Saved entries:

*** Block opens ***

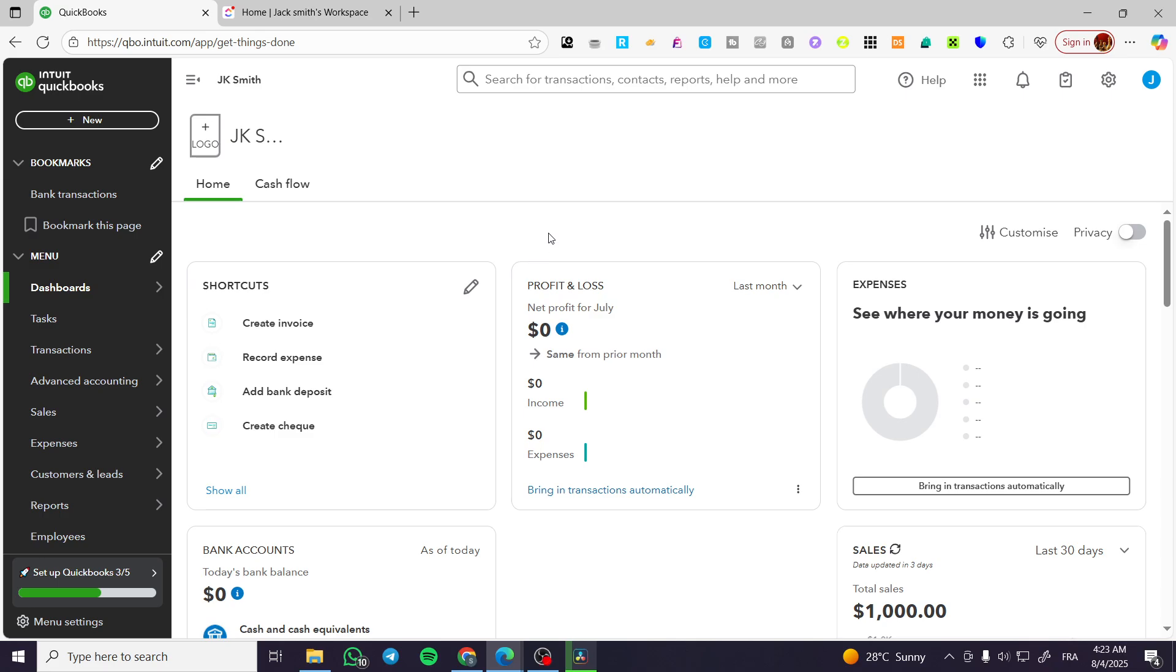How to manually enter transactions in your QuickBooks online account. Hello guys and welcome to this new tutorial.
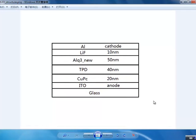This is the structure we will be modeling today. We have an ALQ3 active region with a buffer layer and dedicated electron and hole transport layers.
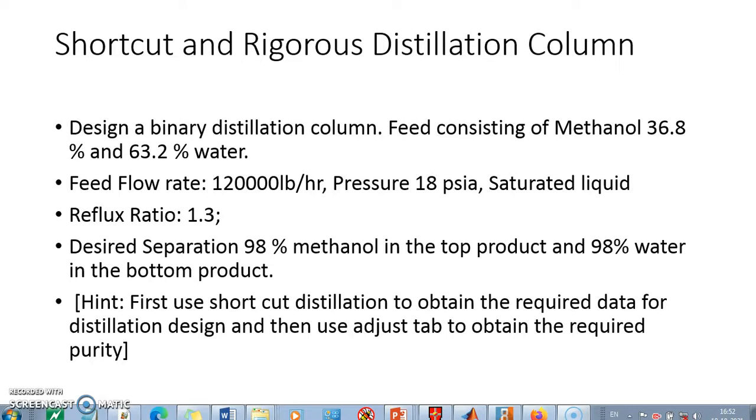The reflux ratio is provided here. Not every time it is provided - sometimes we might need to calculate it, but the methods which work with shortcut distillation column provide you with the value of reflux ratio as well. The separation requires 98% methanol in top and 98% water in the bottom.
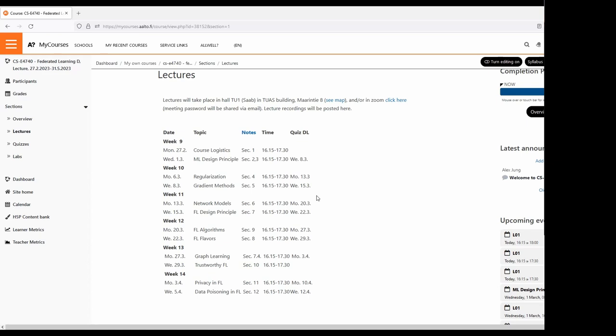A student asked: after submitting the first attempt, do we get the grading before submitting the second time? The best attempt counts — you can only improve with the second attempt. As for seeing your result after the first attempt, you should be able to see whether answers are correct or not. I will check this and make sure you can see how well you did. Also, there should be two attempts configured on My Courses — I need to correct that.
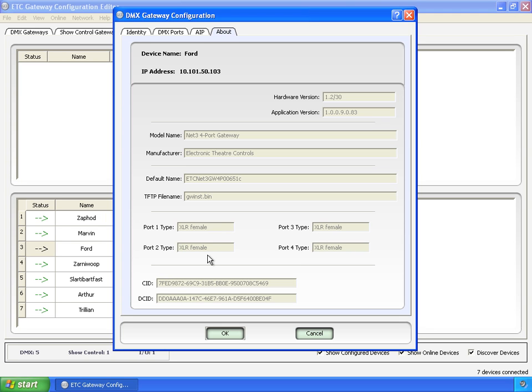If I had a male, it would show that for an input, or there's an other, which is an RJ45, and there's a terminal strip.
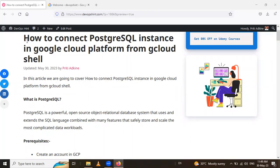Hello friends, in this session we are going to learn how to connect PostgreSQL instance in Google Cloud Platform from gcloud shell. So let's start.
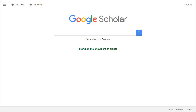Google Scholar is a search tool that collects millions of citations from universities all over the world and tries to match them with openly available versions of those articles. Those articles may come from places like professors' web pages, open access journals, or journals' archives.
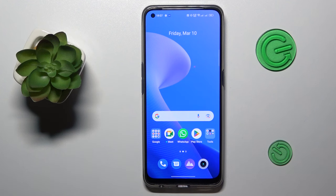Hello everyone, we are glad to welcome you on the HardResetInfo YouTube channel, and today I would like to demonstrate that you can recover photos from private safe on a Realme phone.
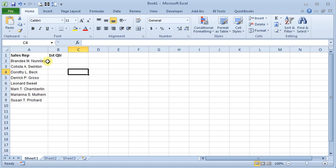In last month's Excel tip we talked about how to use the fill command to fill in a selected area with certain text or numbers, or better yet, you can use a series.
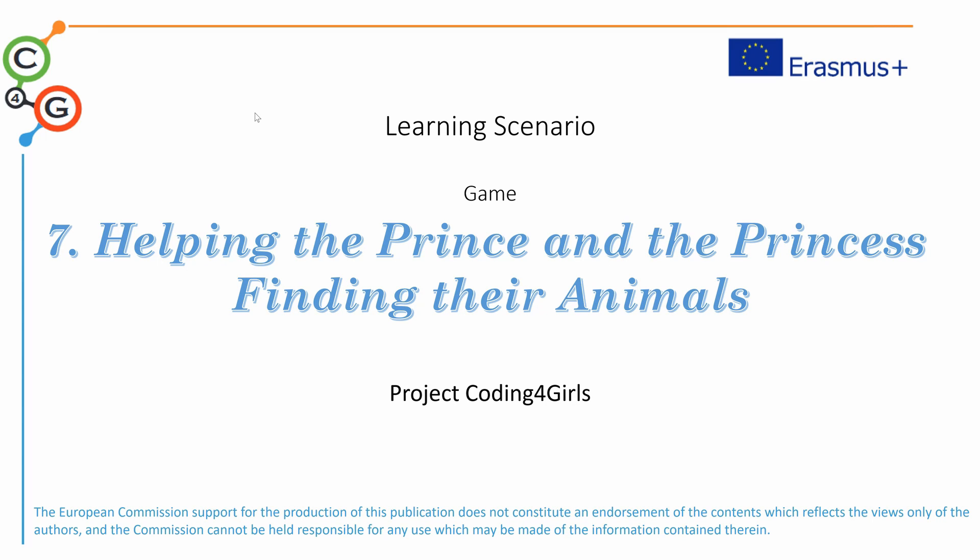Hello, welcome to Lesson 7 of the Coding for Girls program. In this lesson, we'll reinforce some of the concepts that were taught in previous lessons, like handling events and using events to move a sprite.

*** Block closes ***

Give the data again exactly as it stands, apart from the pictures.

- YOUR SOLUTION:
How to manually enter transactions in your QuickBooks online account. Hello guys and welcome to this new tutorial.
This is the structure we will be modeling today. We have an ALQ3 active region with a buffer layer and dedicated electron and hole transport layers.
The reflux ratio is provided here. Not every time it is provided - sometimes we might need to calculate it, but the methods which work with shortcut distillation column provide you with the value of reflux ratio as well. The separation requires 98% methanol in top and 98% water in the bottom.
A student asked: after submitting the first attempt, do we get the grading before submitting the second time? The best attempt counts — you can only improve with the second attempt. As for seeing your result after the first attempt, you should be able to see whether answers are correct or not. I will check this and make sure you can see how well you did. Also, there should be two attempts configured on My Courses — I need to correct that.
If I had a male, it would show that for an input, or there's an other, which is an RJ45, and there's a terminal strip.
Hello friends, in this session we are going to learn how to connect PostgreSQL instance in Google Cloud Platform from gcloud shell. So let's start.
Google Scholar is a search tool that collects millions of citations from universities all over the world and tries to match them with openly available versions of those articles. Those articles may come from places like professors' web pages, open access journals, or journals' archives.
Hello everyone, we are glad to welcome you on the HardResetInfo YouTube channel, and today I would like to demonstrate that you can recover photos from private safe on a Realme phone.
In last month's Excel tip we talked about how to use the fill command to fill in a selected area with certain text or numbers, or better yet, you can use a series.
Hello, welcome to Lesson 7 of the Coding for Girls program. In this lesson, we'll reinforce some of the concepts that were taught in previous lessons, like handling events and using events to move a sprite.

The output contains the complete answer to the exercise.